Training before the buffer warms up. Sampling 32 from a near-empty buffer means replaying the same handful of transitions thousands of times — overfit. Wait for a minimum fill (e.g. 50,000 transitions).
Float32 frame storage. Storing replay frames as float32 instead of uint8 quadruples memory and pushes the 1M buffer past 100 GB. Store uint8, convert to float only inside the forward pass.
Using DQN for continuous actions. There is no tractable max_a over a continuous set. Discretizing throws away precision and explodes with action dimensionality; reach for DDPG/SAC instead.

Frequently asked questions

Why does DQN need a separate target network?

Without it, the same network produces both the prediction Q(s,a) and the bootstrap target r + γ·max Q(s′,a′). Every gradient step shifts the target you are chasing, creating a feedback loop that diverges. DQN freezes a copy of the weights as the target network and only refreshes it every C steps (C = 10,000 in the original Atari paper), giving the online network a stationary target to fit.

What problem does experience replay solve?

Consecutive frames of gameplay are highly correlated, and stochastic gradient descent assumes roughly independent, identically distributed samples. Experience replay stores millions of past transitions (s, a, r, s′) in a buffer and trains on random minibatches drawn from it. This breaks temporal correlation and lets each transition be reused many times, improving both stability and sample efficiency.

What is the difference between Q-learning and DQN?

Tabular Q-learning stores one value per (state, action) cell, which is impossible when states are 84×84 pixel images.

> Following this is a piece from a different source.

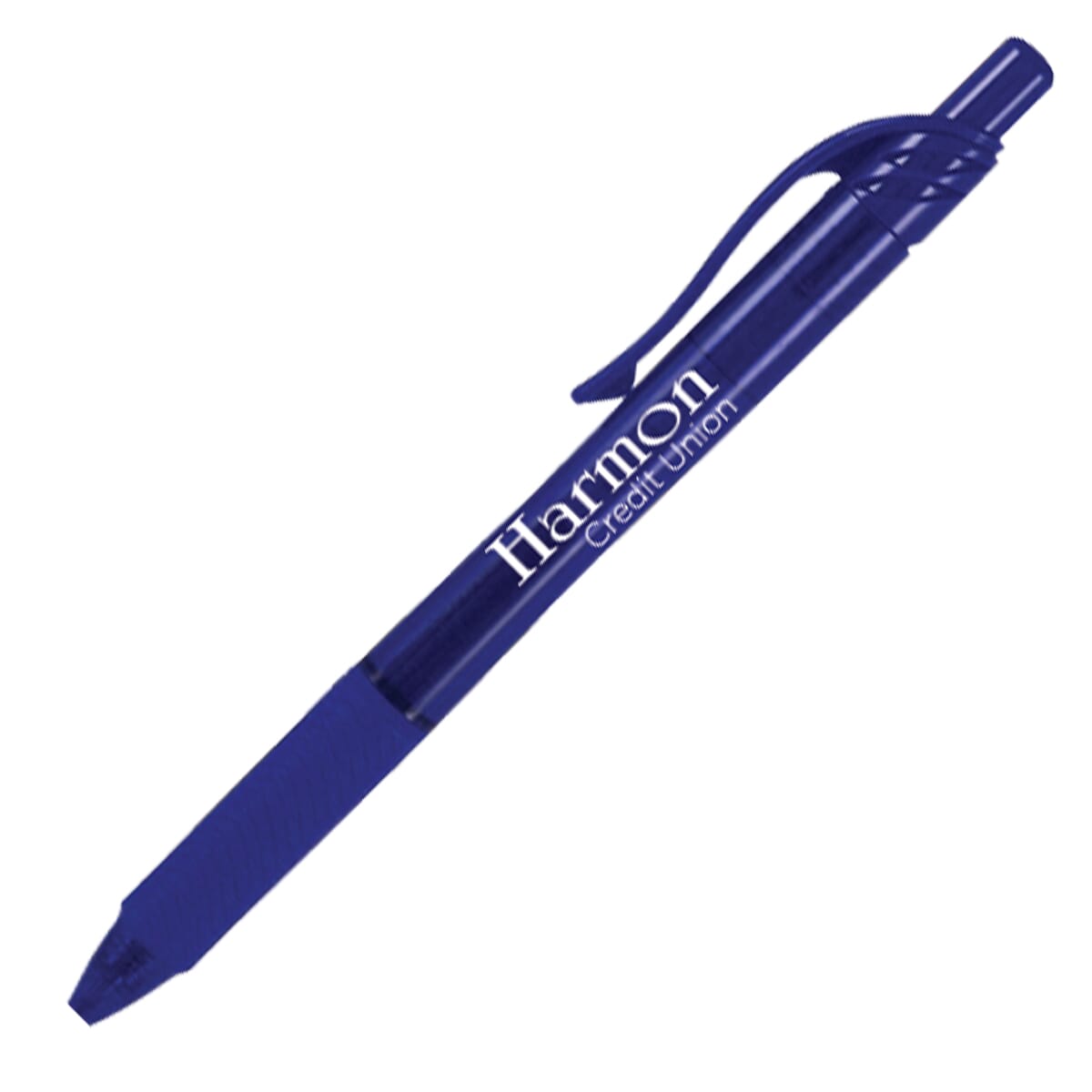 EnerGel-X® Gel Pen – Medium Point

DQN replaces the table with a neural network Q(s,a;θ) that generalizes across states, and adds two stabilizers — experience replay and a target network — to make training a non-linear function approximator on a moving target actually converge.

Why does DQN stack four frames as input?

A single Atari frame is not a Markov state — you cannot tell from one image whether a ball is moving up or down. DQN stacks the last four grayscale 84×84 frames so velocity and direction are inferable, turning a partially-observable problem into an approximately-Markov one without a recurrent network.

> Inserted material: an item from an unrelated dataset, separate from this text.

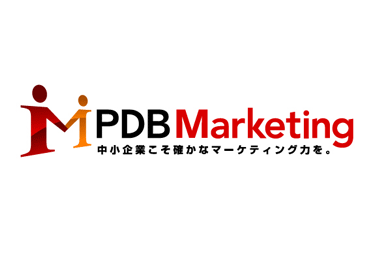 PDB�}�[�P�e�B���O�������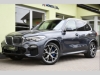 BMW X5 xDrive40i MSPORT HUD TAN  R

What is the maximization bias in DQN, and how does Double DQN fix it?

The max operator in r + γ·max Q(s′,a′) both selects and evaluates the next action with the same noisy estimates, so it systematically overestimates values. Double DQN decouples them: the online network picks the argmax action, and the target network evaluates it — r + γ·Q_target(s′, argmax_a Q_online(s′,a)). This removes most of the upward bias at almost zero extra cost.

How well did the original DQN actually perform on Atari?

Mnih et al. (Nature, 2015) trained a single architecture and set of hyperparameters across 49 Atari 2600 games, learning only from pixels and the score. It reached at least human-level play on 29 of the 49 games, and exceeded a professional human tester on those, using 50 million frames (about 38 days of game experience) per game.